James' brother William, born 1859, later became the owner of a gallery in Bond Street, London and his youngest brother Alexander, born 1862, became an architect. James studied at the Glasgow School of Art under Robert Greenlees and subsequently in Paris under Louis Jacquesson de La Chevreuse (1839-1903) and Jean-Paul Laurens (1838-1921). A couple of years after returning to Scotland he married, in 1884, Eliza Grier Ferguson, daughter of an engineer, William Ferguson, and Janet Cooper. As a wedding present, Andrew Paterson gave the couple a cottage called Kilneiss, in Moniaive, Dumfriesshire, which was extensively modified and enlarged to designs by Glasgow architect Sir John James Burnet (1857-1938) and his brother Alexander Nisbet Paterson (1862-1947) in 1894. Paterson spent over 22 years in the area painting the Nithsdale and Ayrshire hills, the Solway Firth and the local river and burns, capturing the elusive colours and light inherent in the Scottish countryside. During this period he formed friendships with a group of artists - Sir James Guthrie (1859-1930), E. A. Walton (1860-1922), W. Y. McGregor (1855-1923), E. A. Hornel (1864-1933) and others - who came to be known collectively as 'The Glasgow Boys'.

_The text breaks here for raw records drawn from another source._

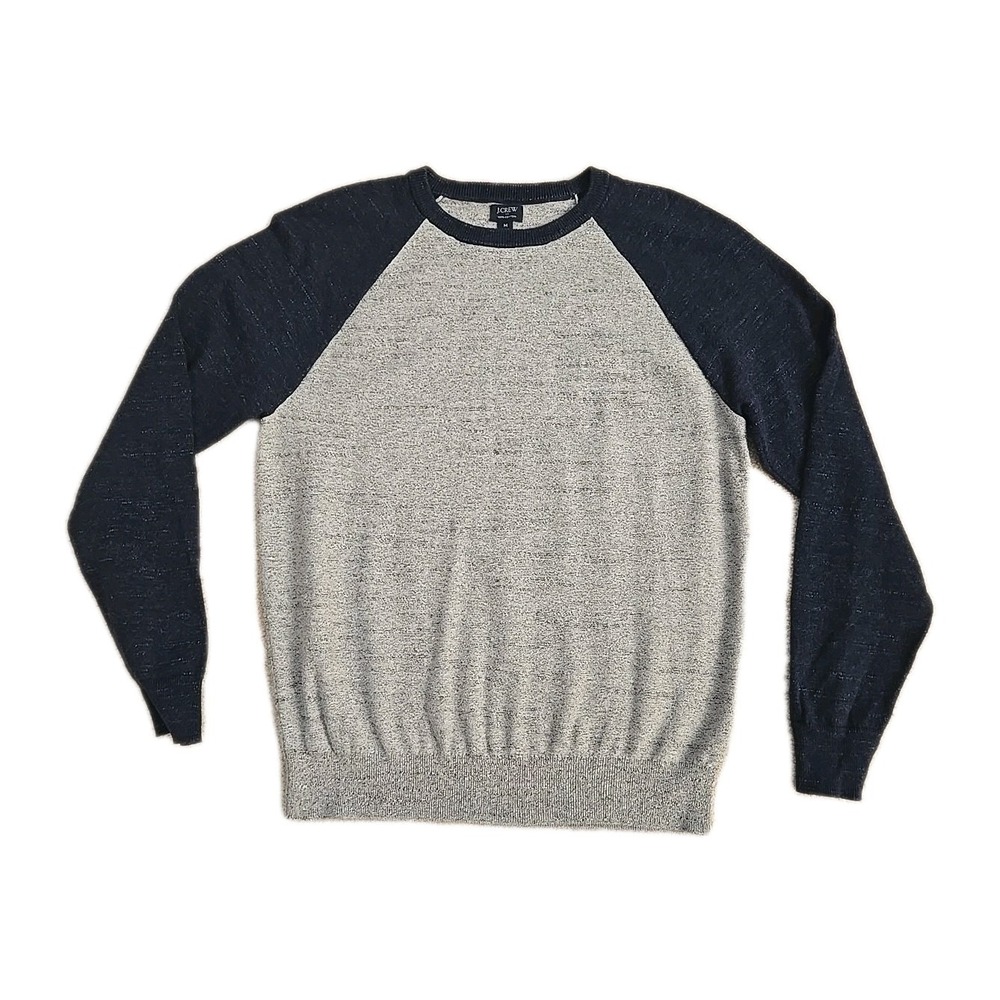 J. Crew Men Two Tone Gray Blue Crew‎ Neck Raglan Pullover Sweater Size Medium
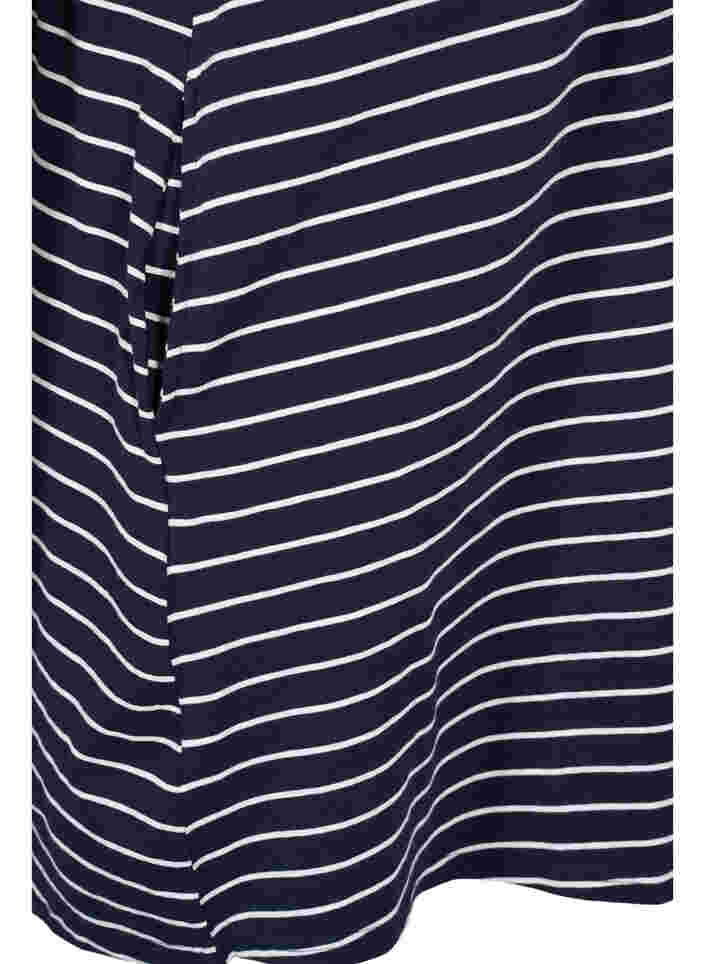 Kurzarm Baumwolltunika mit Streifen, Blue Stripe, Packshot image number 3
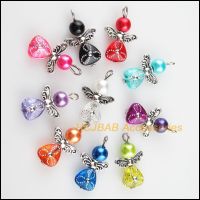 20 New Charms Mixed Acrylic Glass Dancing Angel Wings Flowers Pendants 14x22mm Cups  Mugs Saucers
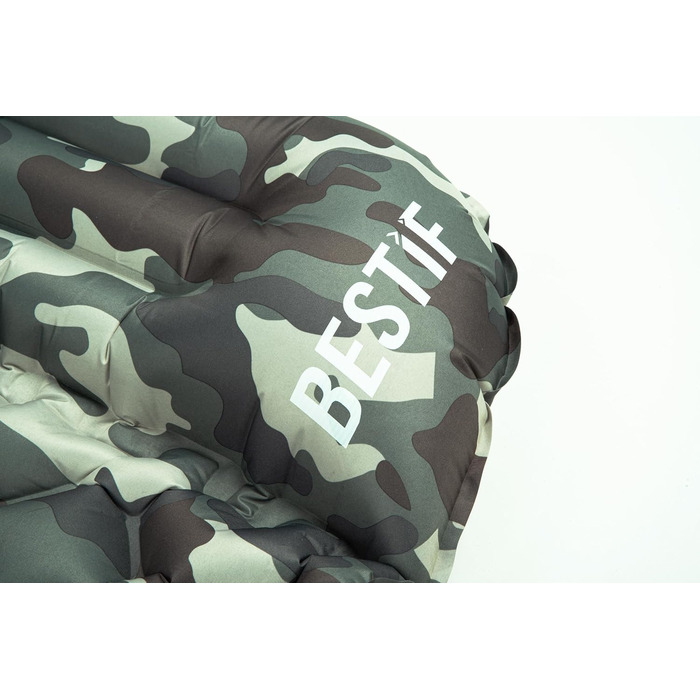 Надувний килимок для сну з подушкою, надлегкий кемпінговий надувний матрац, сумка для перенесення, невеликий розмір для кемпінгу на свіжому повітрі, подорожей у наметі, походів, килимок для сну, трекінговий матрац (камуфляжний, 190 x 56 x 5,5 см) 190 x 56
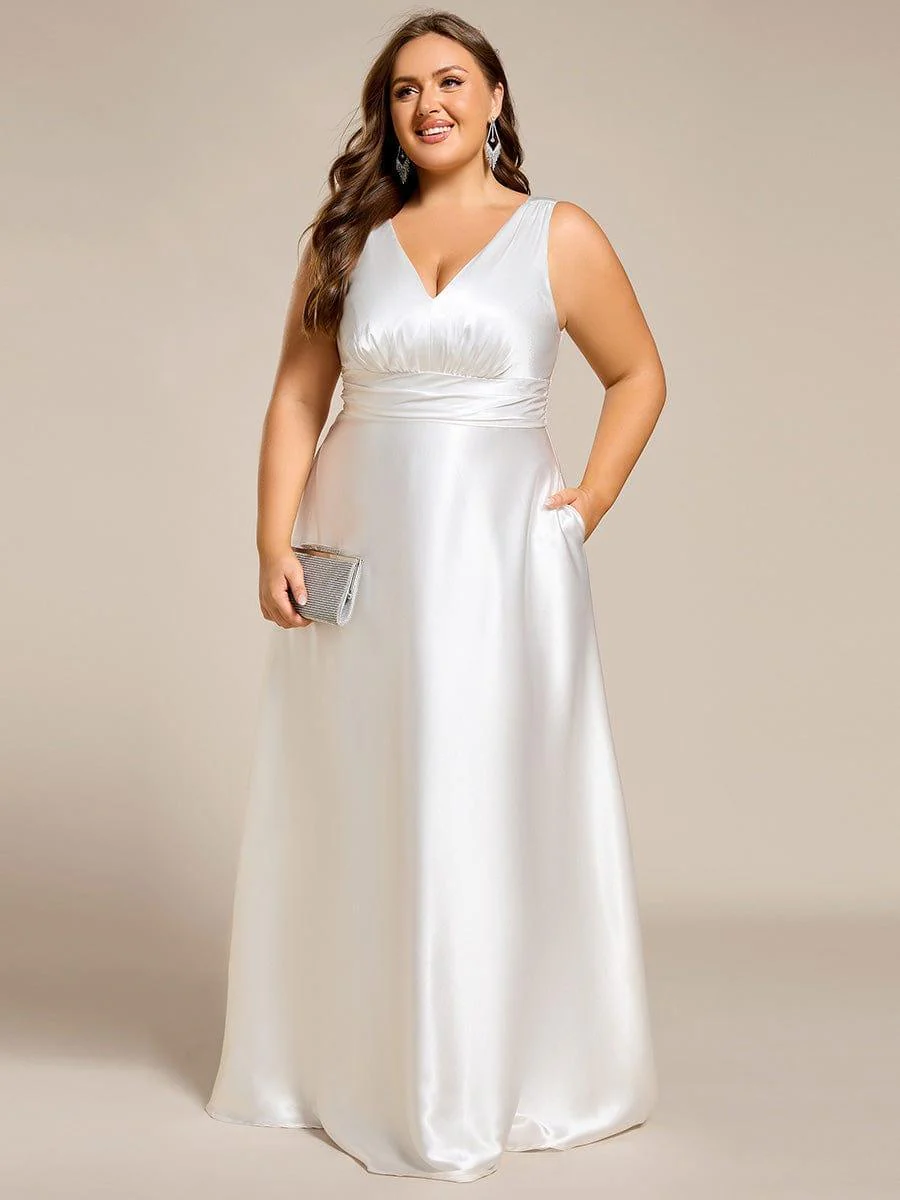 ever INDY|Sleeveless Empire Waist Satin Maxi Bridesmaid Dress With Pockets - Image 54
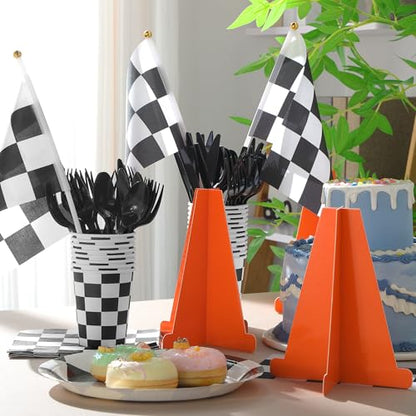 Affrolling Racing Car Party Decorations Include 6 Orange Traffic Cones and 12 Checkered Flags Mini Black and White 7 Inch Cardboard Cones for Race Car Theme Birthday Party Decorations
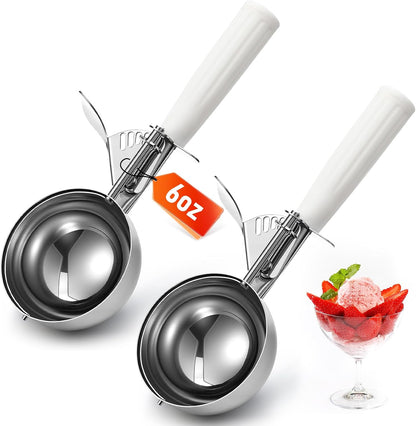 Reallnaive Ice Cream Scooper with Trigger, 4 oz, Gray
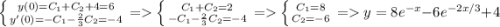 \left \{ {{y(0)=C_1+C_2+4=6} \atop {y'(0)=-C_1-\frac{2}{3}C_2 = -4}} \right. = \left \{ {{C_1+C_2=2} \atop {-C_1-\frac{2}{3}C_2 = -4}} \right. = \left \{ {{C_1=8} \atop {C_2=-6}} \right. = y = 8e^{-x} -6e^{-2x/3}+4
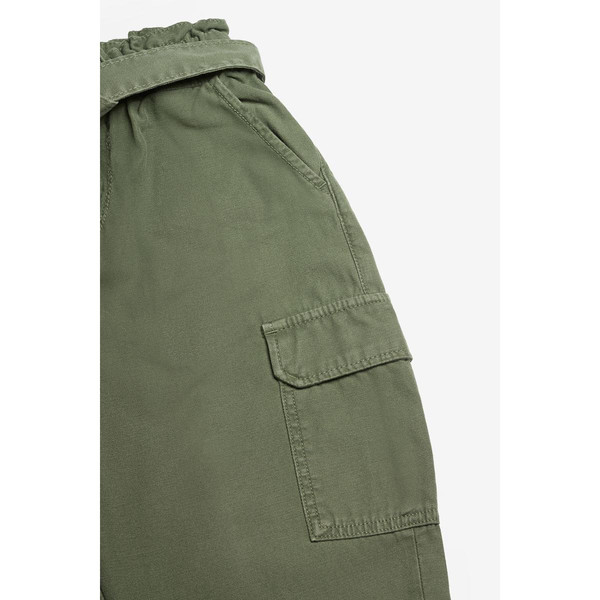 Pantalon loose, large MILA vert en coton Pantalon / Jean / Legging  fille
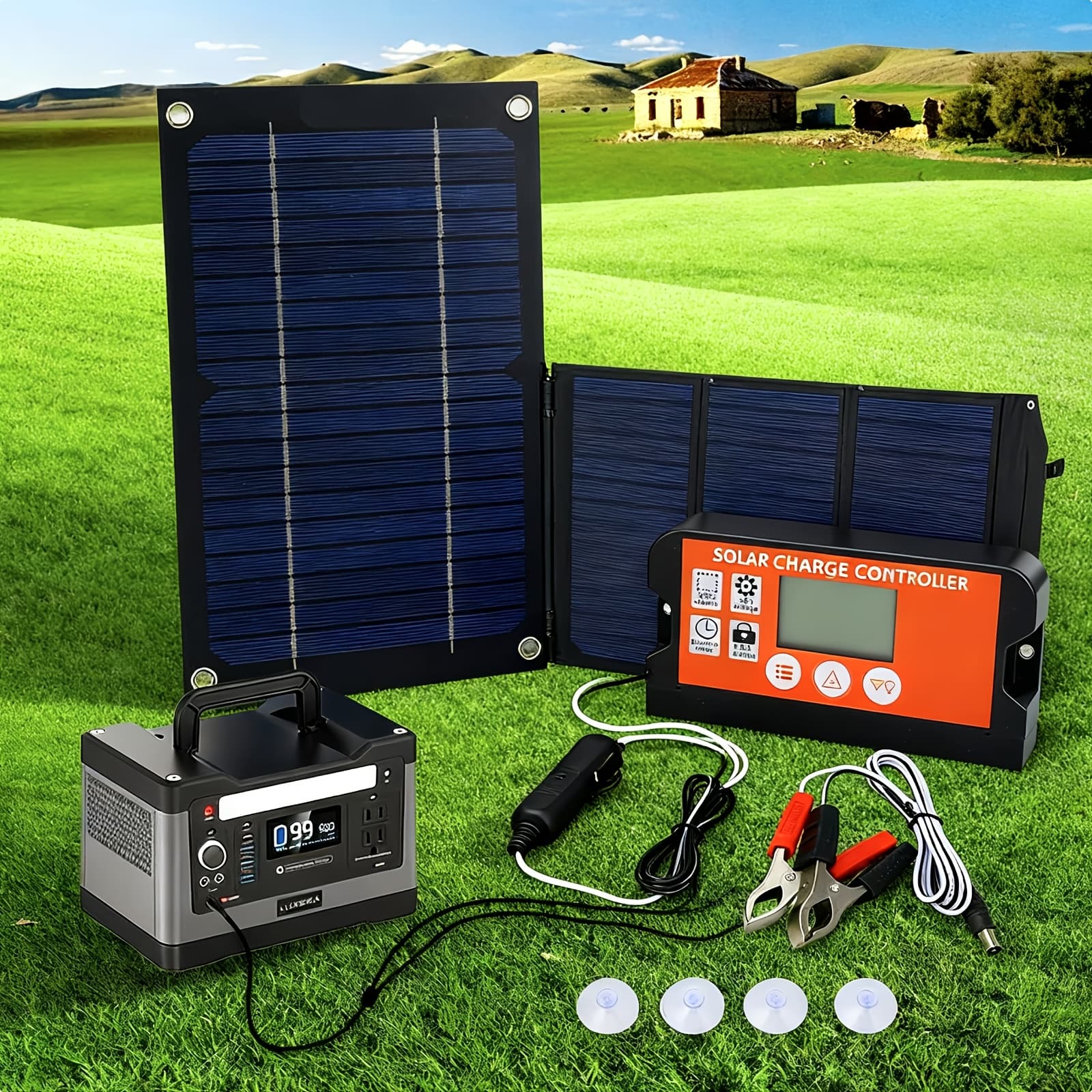 TEMU 18v Solar Panel Charging Kit With 100a Smart Controller, Usb Output, Portable Power System For Outdoor Camping, Travel, Car, Rv And Batteries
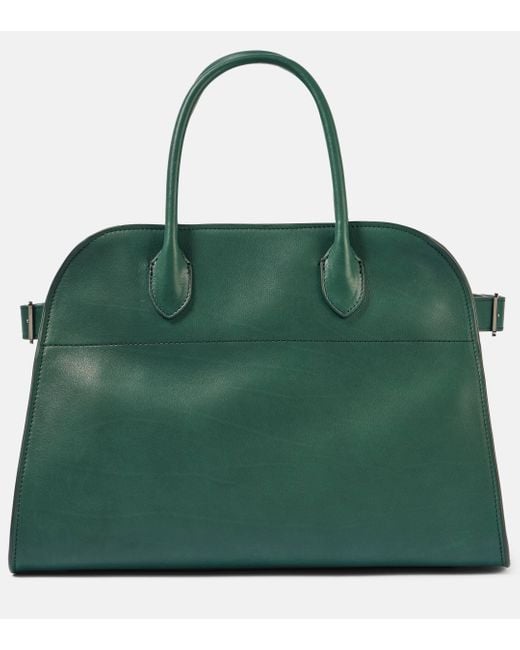 The Row Green Soft Margaux 12 Small Leather Tote Bag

He moved to Edinburgh in 1906 an following his wife's death in 1910, took on more public responsibilities. He was elected to the Royal Scottish Society of Painters in Watercolour (RSW) in 1885, became an associate member of the Royal Scottish Academy (ARSA) in 1896, and was awarded full membership of the Royal Scottish Academy (RSA) in 1910. He became President of the Royal Scottish Society of Painters in Watercolours in 1922 and served as Librarian of the Royal Scottish Academy between 1910 and 1924, and Secretary from 1924 until a few weeks before his death in January 1932. Work by Paterson was included in Glasgow Art Club's Memorial Exhibition in 1935, in memory of those of its members who had died since the First World War. A museum devoted to Paterson's life was founded by his granddaughter Anne Paterson Wallace, in the house where Paterson's cook Miss Black lived, in Moniaive.
The collection was donated by the direct descendants of his family. It included the personal collection of Anne Paterson Wallace, with over one thousand photographic images by Paterson of his family, friends, and art works, together with his own records, correspondence, documents and letters from his later life in Edinburgh. The museum closed in 2003 and the archives were donated to the University of Glasgow Library in April 2003.